= Child support in Israel =

The laws governing child support in Israel can be tried under either civil courts or religious courts. Jewish, Muslim, Druze and Christian courts are officially recognised by the Israeli state as having jurisdiction over family matters, if a case is first filed in those courts. Secular courts have jurisdiction if a case is first filed with them.

Following a 2017 Supreme Court of Israel case, and for ages 6–15 only, both parents are considered responsible for the maintenance of children ages 6–15, while formerly only fathers were considered responsible. For ages 0–6, and 15-18 the law still binds men only to pay child support to the mother, in any case, even when the mother earns a higher income, or when the father is half-time caretaker, which critics argue is discriminatory against men.

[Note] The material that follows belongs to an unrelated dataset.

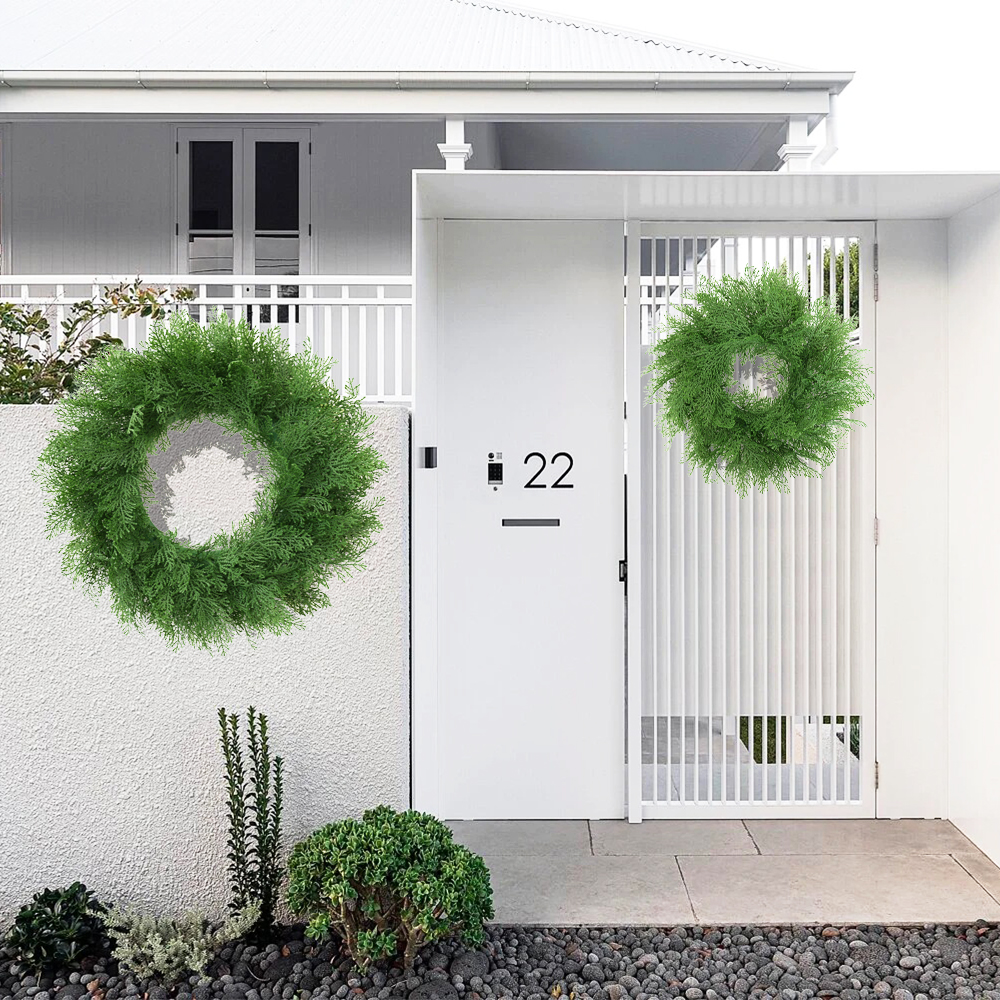 Christmas wreath green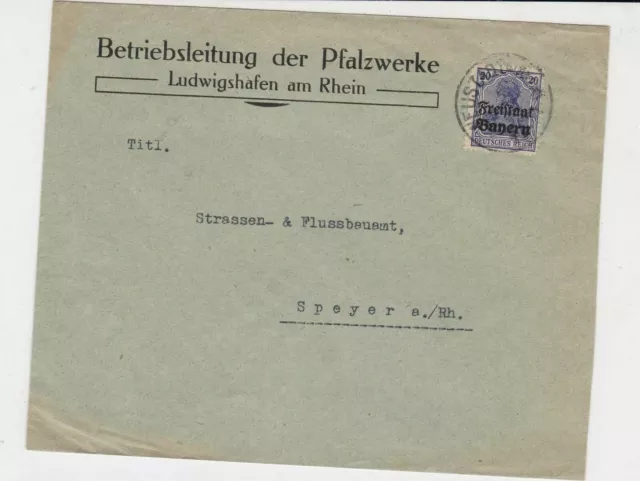 bavaria 1919  stamps cover ref 21323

If the obligor (the parent who should pay child support, usually the non-custodial parent) does not do so, the obligee (the parent entitled to receive the child support, usually the custodial parent) can apply to the National Insurance Institute of Israel, which will pay partial child support instead of the obligor and will then seek out the obligor in order to receive restitution of the amount paid to the obligee.

Israeli law bars its citizens and dual or foreign nationals with outstanding child support arrears from leaving the country until the debt is settled. Any person who received a stay of exit order is required to pay the full support payment of their children up until the age of 18 in advance, with the debt sometimes amounting to millions of US dollars. They are required to relinquish up to 100% or more of their income to satisfy the debt, and they can be jailed for up to 21 days each time they fail to make a monthly payment. British journalist Marianne Azizi estimated that hundreds of Australian men who were married to Israelis were trapped in Israel, including one man who was prohibited from leaving the country until 31 December 9999. In a 2013 Times of Israel blog post, Adam Herscu described the law as being "draconian and excessively discriminatory against men".